Busto de mármol de Sócrates envuelto en rayos de neón cian sobre un fondo oscuro texturizado

Sócrates: El tábano de Atenas

Fecha y Lugar470 a.C. – 399 a.C. | Atenas, Grecia
Corriente filosóficaFilosofía Clásica / Giro Antropológico
Su NémesisLos Sofistas (los filósofos que cobraban por enseñar a ganar debates aunque fuera con mentiras)

El Salseo Histórico

Sócrates no escribió ni una sola línea porque decía que los libros no sabían responder a las preguntas; todo lo que sabemos de él es gracias a su alumno Platón. Era un tipo bastante feo, vestía siempre la misma túnica andrajosa y caminaba descalzo por la plaza pública de Atenas incordiando a los políticos y ciudadanos importantes con preguntas incómodas (por eso se autodenominó «el tábano de la ciudad», por lo pesado que era). Al final, a los poderosos les molestó tanto su manía de hacer pensar a los jóvenes que lo acusaron falsamente de corromper a la juventud y de no creer en los dioses oficiales. En lugar de huir, aceptó la condena a muerte y se tomó un vaso de cicuta (veneno) rodeado de sus discípulos.

Sus 3 Ideas Bomba

  • El intelectualismo moral: Defendía que nadie hace el mal a sabiendas. Para él, el malo es simplemente un ignorante que no sabe qué es el Bien. Si educas a la gente, la harás buena automáticamente.
  • «Solo sé que no sé nada»: Su lema de guerra. El Oráculo de Delfos dijo que Sócrates era el hombre más sabio de Grecia porque, a diferencia de los sabiondos de su época que creían saberlo todo, él era el único consciente de su propia ignorancia.
  • La Mayéutica: Su método de enseñanza. En lugar de soltar discursos, hacía preguntas a su interlocutor hasta que este caía en contradicciones y acababa «dando a luz» la verdad por sí mismo en su mente (como las comadronas, profesión que ejercía su madre).

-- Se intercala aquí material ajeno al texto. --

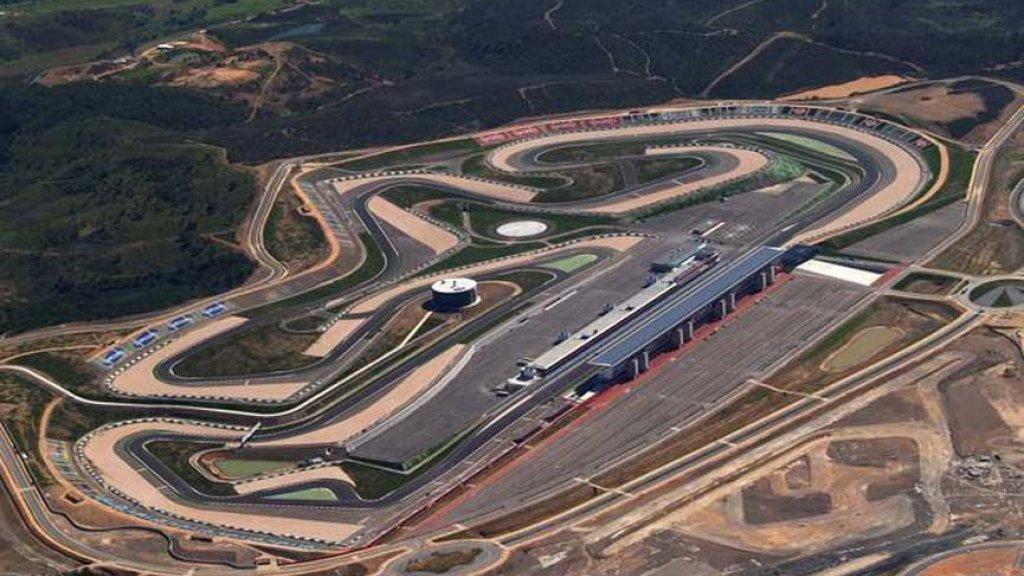 Je bekijkt nu Algarve International Circuit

Por qué sigue importando hoy

Sócrates es el antídoto definitivo en la era de los «cuñados» de internet y los gurús de redes sociales que creen saber de todo. En un mundo lleno de polarización, donde todo el mundo grita verdades absolutas en vídeos de 15 segundos, la actitud de Sócrates nos enseña el valor de la humildad intelectual. Su «solo sé que no sé nada» no es cobardía, es el principio de la verdadera sabiduría. Nos invita a apagar el piloto automático, a dejar de tragarnos los discursos precocinados y a tener la valentía de hacer preguntas incómodas para descubrir la verdad por nosotros mismos.